'shirley, I' do Not, understand Thee"!
Hello Blog!
What kind of whacky
grammar rules was I taught? Well, the grammar rules that I learned were not so
whacky as they were confusing and degrading. I learned grammar through the “Shirley
Method.” I do not know how many people have heard of this method before, but it
was torture. I did not understand a word of it and I do not think that it
helped very much in teaching me how to write effectively.
For instance, I never learned
the correct place to put a comma. I just thought that it came after a natural
breath in a sentence. I know that the “Shirley Method” teaches comma rules, but
I just never learned them because no one ever taught me. When I went to middle
school, I transferred schools so that I was in a different town that used a different
curriculum. Every student there had been learning the stupid “Shirley Method”
ever since they were three years old (that may be a slight exaggeration, but it
felt this way to me), so by the time I started going to school there, no one
ever explained the rules to me. They just started chanting off “Subject, verb,
direct object, indirect object, complete thought. Is this a sentence? Yes. Rule
Four. Blah, blah, blah….” I had no idea what in the world they were talking
about. Sure, I knew what a subject was. Yes, I have had some practice with
verbs. Hey, I even know what adverbs, adjectives, and prepositions are, but I
did not understand the chanting business.
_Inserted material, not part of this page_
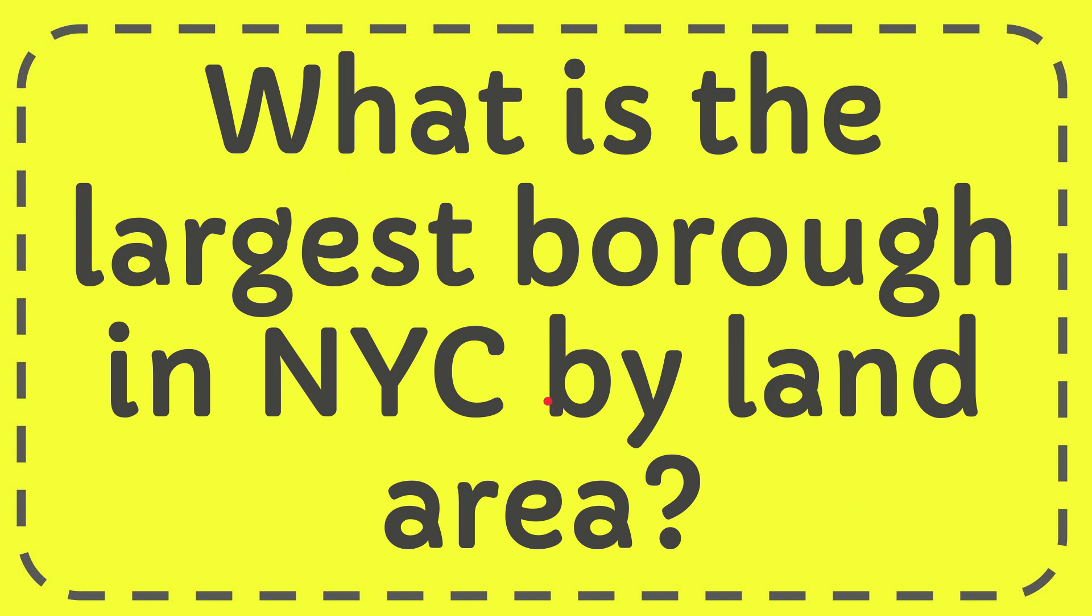In this video I'm going to give you the answer to this question. The question is, what is the largest borough in New York City by land area?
They also labeled everything.
Possessive Pronoun Adjective was labeled “PPA.” Say what? I did not understand
and no one explained it to me. I had to guess on everything. When one does not
understand the material and is guessing from what they think they understand,
all kinds of crazy grammar rules come to surface. When do you use an
exclamation point? You use it whenever you want to strongly express something. That
meant that I used exclamation points profusely. In reality, exclamation points
should almost never be used in academic writing and sparingly in creative
writing. Let’s be honest, most things in a paper are not truly worthy of the
explicit signature of an exclamation point. What about writing an organized
paper? It must be a five paragraph essay, of course. Wrong answer. Your thesis
must list your three points exactly. Wrong answer. Your thesis must be one
sentence and must be the last sentence of your introduction. Wrong again. None
of these things are true. Sometimes they work, but they all recall a set in
stone way of writing an essay. The truth is that an essay calls for a paper
that can have as many paragraphs and points as one needs to as long as the
theme of the paper is thoroughly explained. Theses should be at the beginning
somewhere and should be fairly short, but there is no rule that says it must be
in a specific place on the paper and contain one’s points exactly word for
word. As long as a thesis statement tells the reader what one’s paper is about,
that is enough.
Whacky and confusing grammar
rules were an extensive part of my training. Perhaps it was a good thing that I
did not know the “Shirley Method” as well as everyone else. This lack of
knowledge may have helped me in the long run so that I am now more flexible and
loose in writing my essays. All I know is that sometimes what is taught in
schools is not always what is correct. Sometimes it is just whacky.